▸ **WORK TO COMPLETE**
Everything in the records below from the line containing "[BUNJANG] Skin Stripe" through the line containing "Mandala Cat Coloring" is to be reproduced exactly, those two lines included; no picture is to be copied.

▸ **RECORDS SUPPLIED**
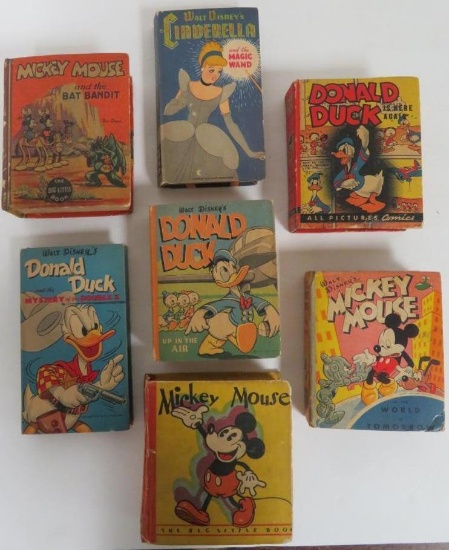 Excellent Lot (7) 1930's/40's Disney BLB Big Little Books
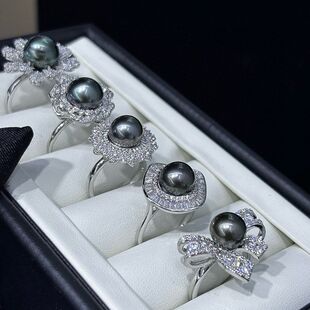 9-12mm海水大溪地黑珍珠戒指镀白金保色久开口易调节面无瑕精挑款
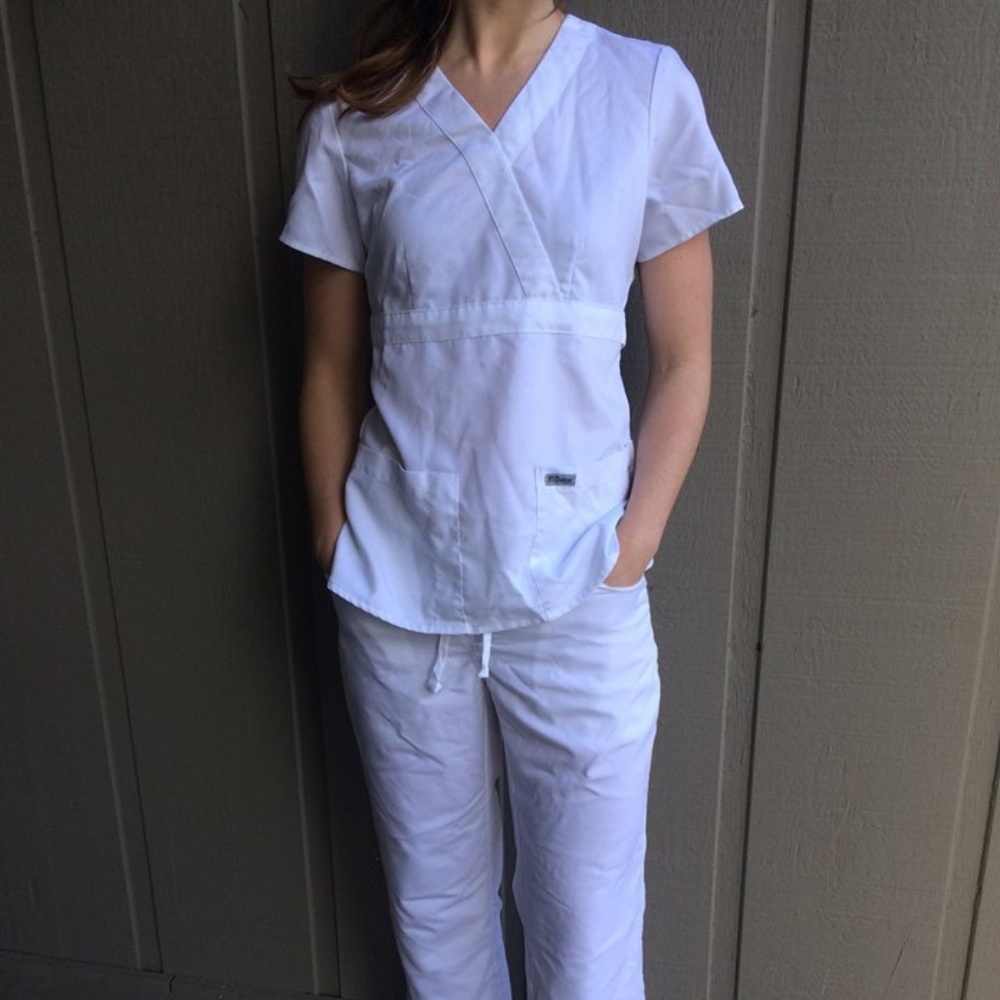 Grey's Anatomy Mock Wrap White Scrub Set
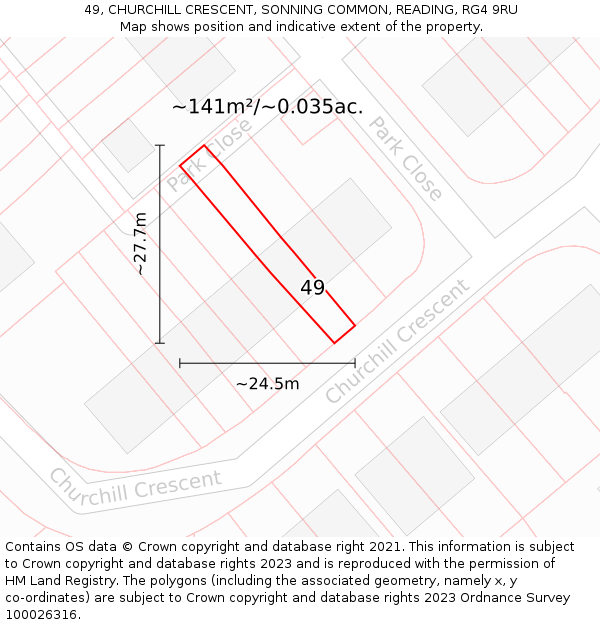 49, CHURCHILL CRESCENT, SONNING COMMON, READING, RG4 9RU: Plot and title map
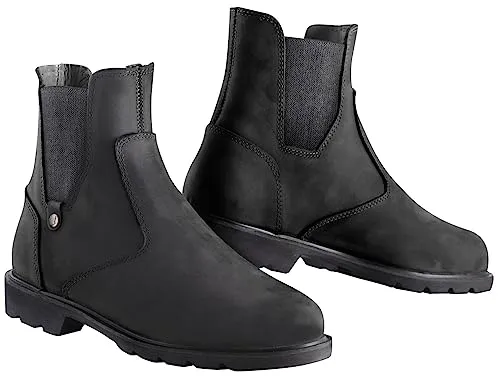 Bogotto Chelsea Motorrad Stiefel für Frauen, schwarz, Größe 41 - Stylische Motorradstiefel aus hochwertigem Rindsleder mit Verstärkungen an Zehen und Fersen für optimalen Schutz und Komfort.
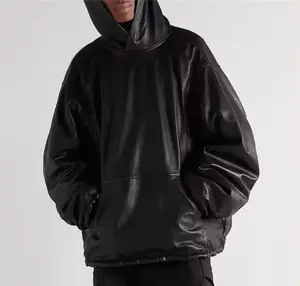 Custom Streetwear Dropped Shoulder Hoodies No String Pullover Oversized Black Pu Leather Hoodie Jacket For Men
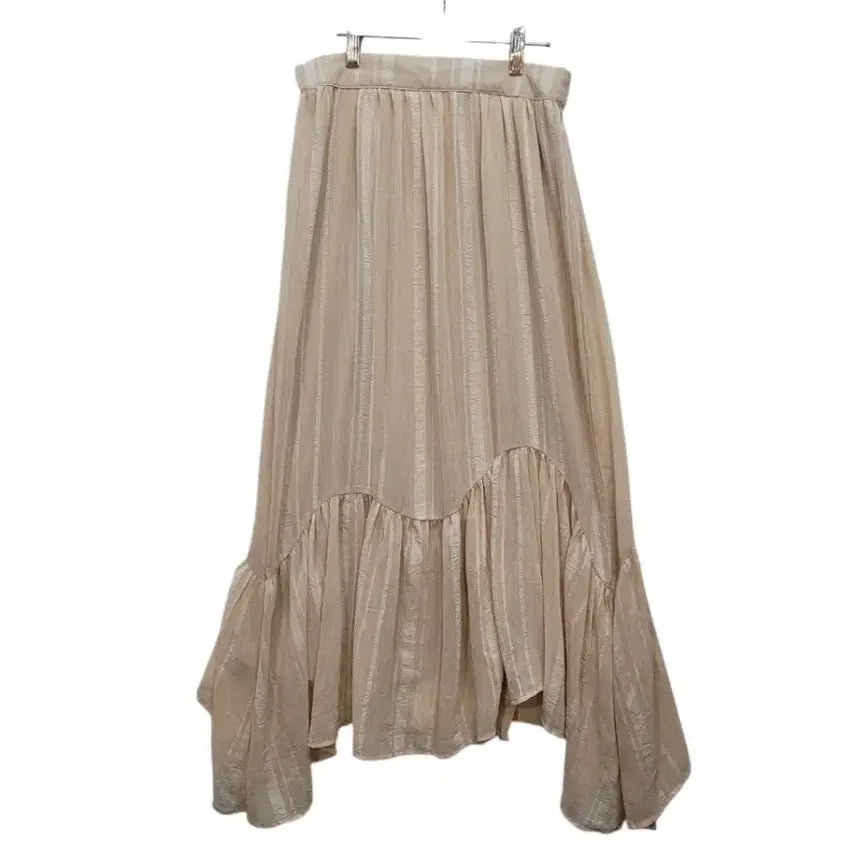 [BUNJANG] Skin Stripe Poly Long Skirt / 가볍고 부드럽고 시원한 폴리소재 스킨 스트라이프 롱스커트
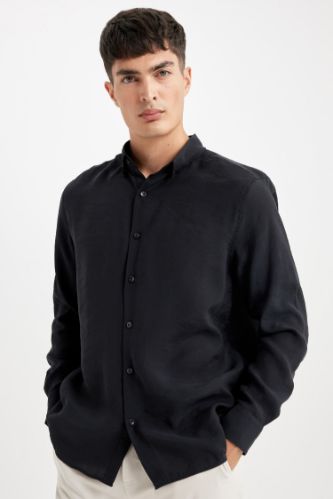 Relax Fit Polo Yaka Poplin Modal Basic Düz Uzun Kollu Siyah Gömlek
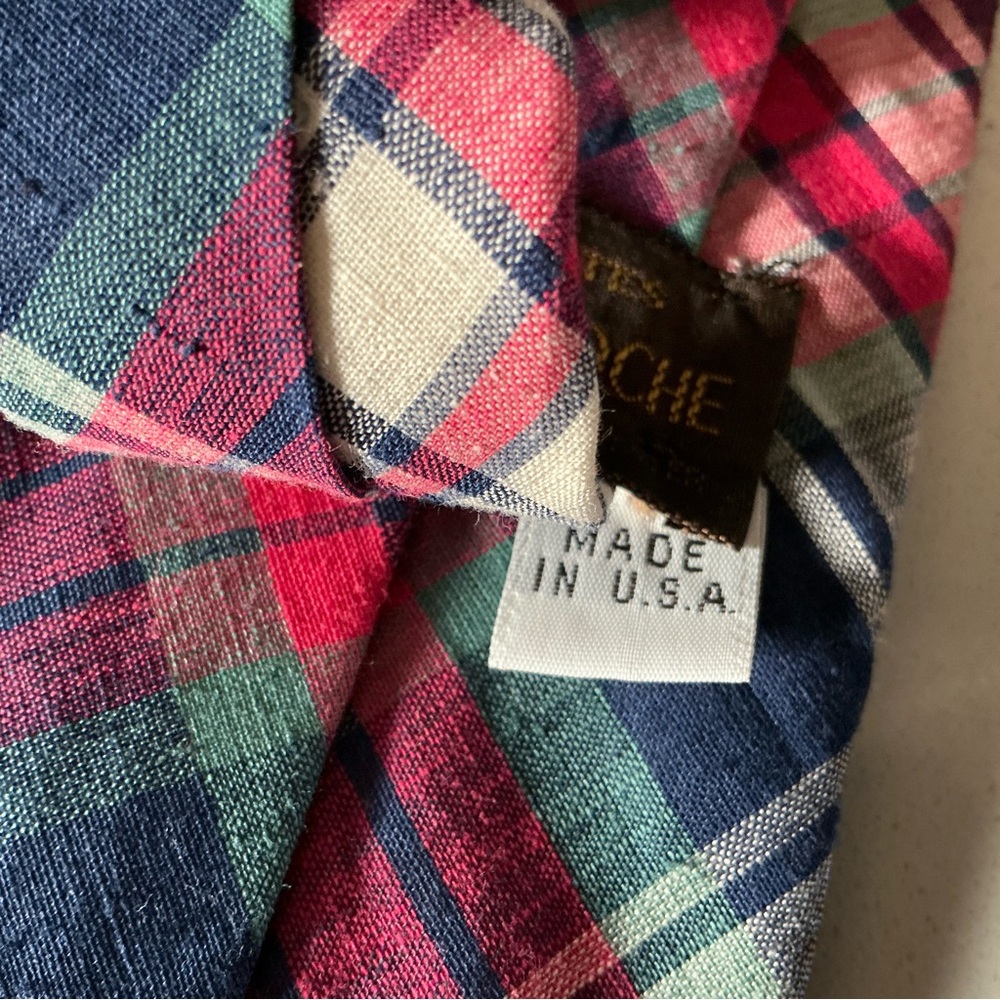 Vintage Guy Laroche Cravate cotton tartan madras neck tie made in USA - Picture 5 of 7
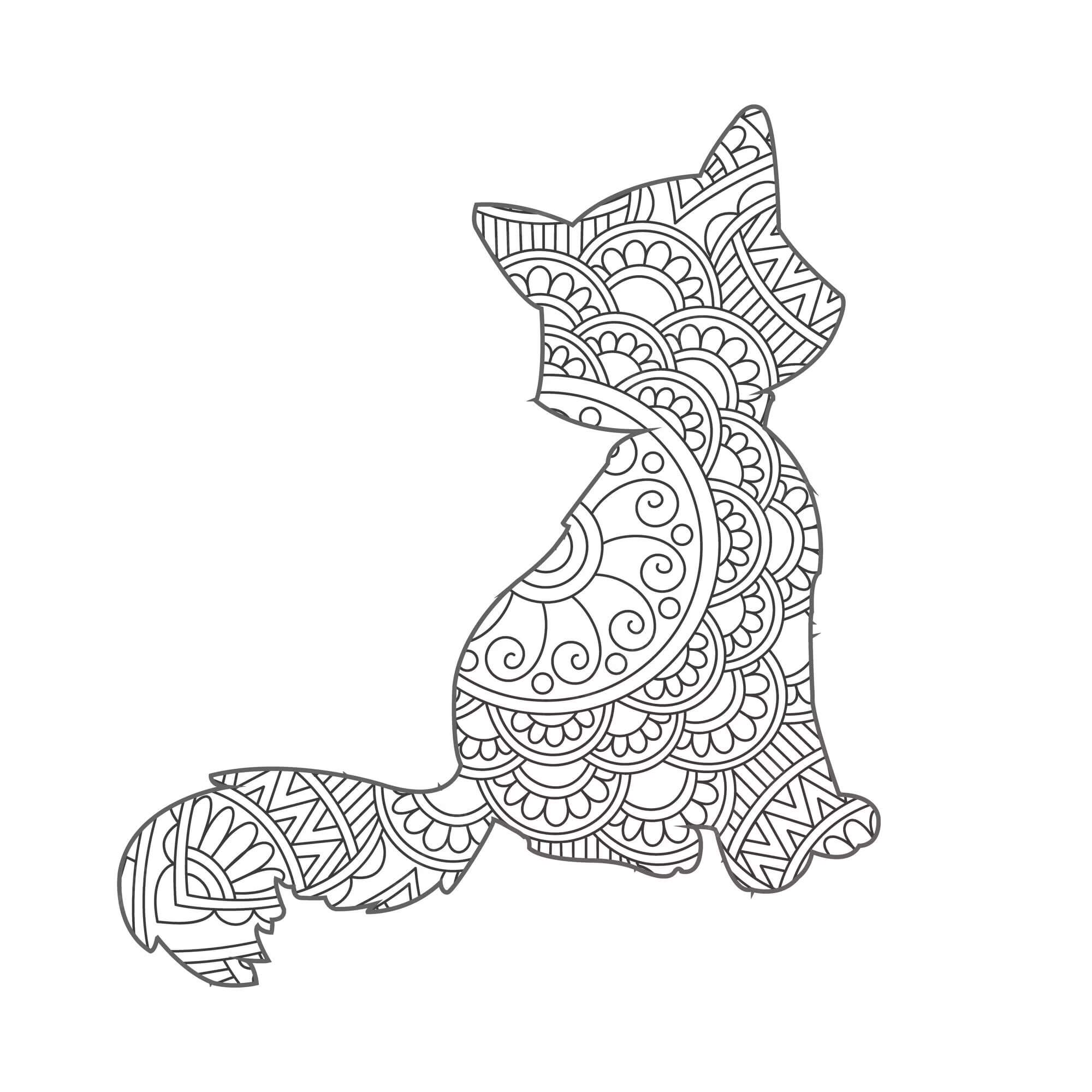 Mandala Cat Coloring Page – Sheet 18 - Download, Print Now!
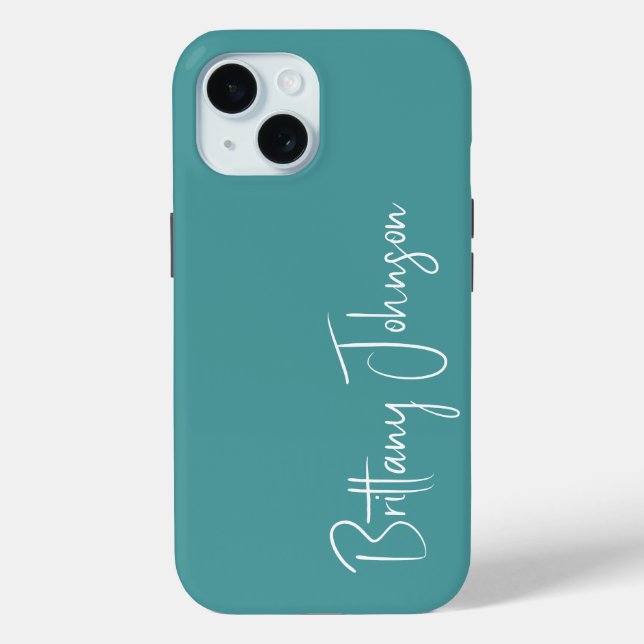 Funda De Case-Mate Para iPhone Verde azulado monogramado (Reverso )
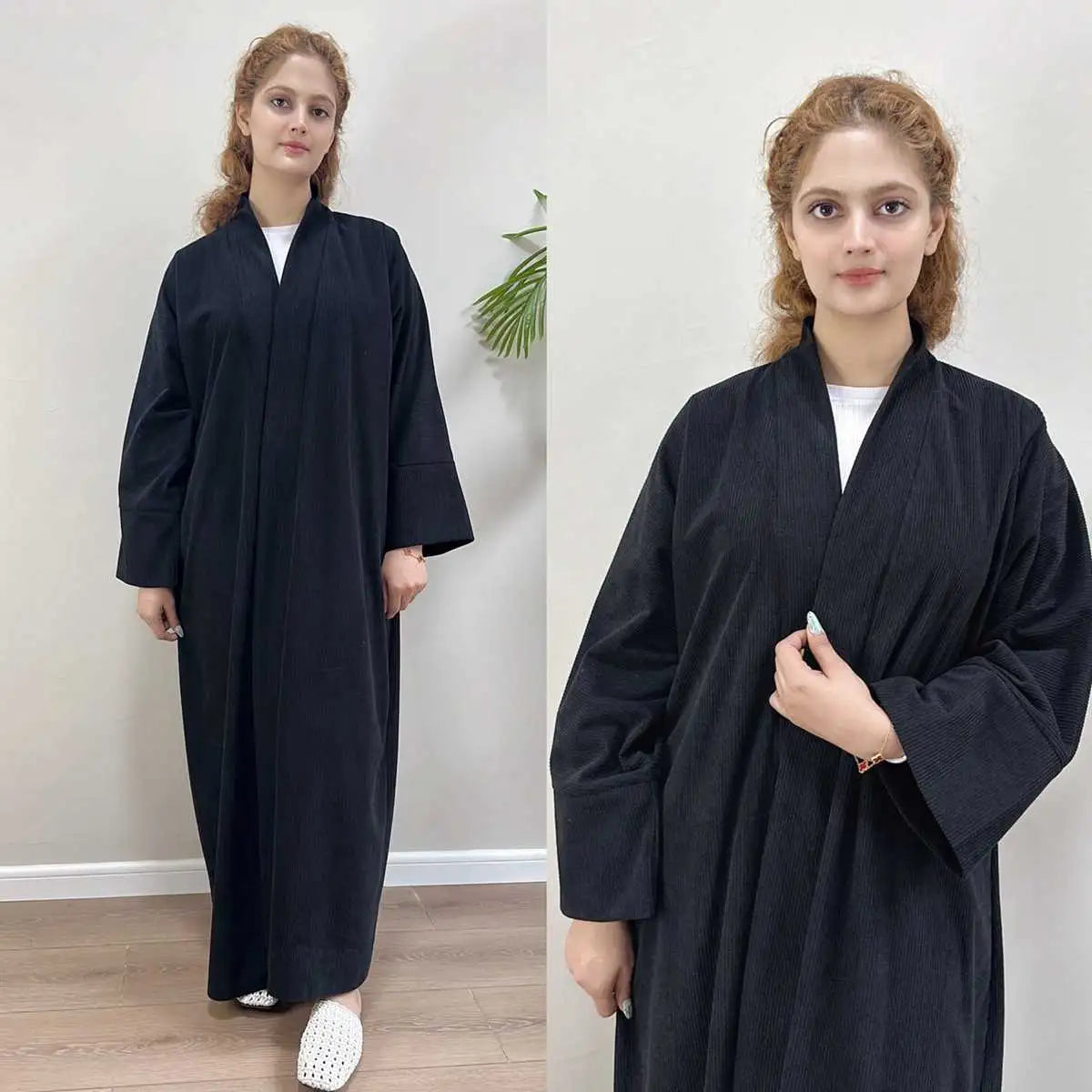 Winter Fall Thick Corduroy Open Abaya Coat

▸ **ANSWER TO THIS PROBLEM**
 [BUNJANG] Skin Stripe Poly Long Skirt / 가볍고 부드럽고 시원한 폴리소재 스킨 스트라이프 롱스커트
 Relax Fit Polo Yaka Poplin Modal Basic Düz Uzun Kollu Siyah Gömlek
 Vintage Guy Laroche Cravate cotton tartan madras neck tie made in USA - Picture 5 of 7
 Mandala Cat Coloring Page – Sheet 18 - Download, Print Now!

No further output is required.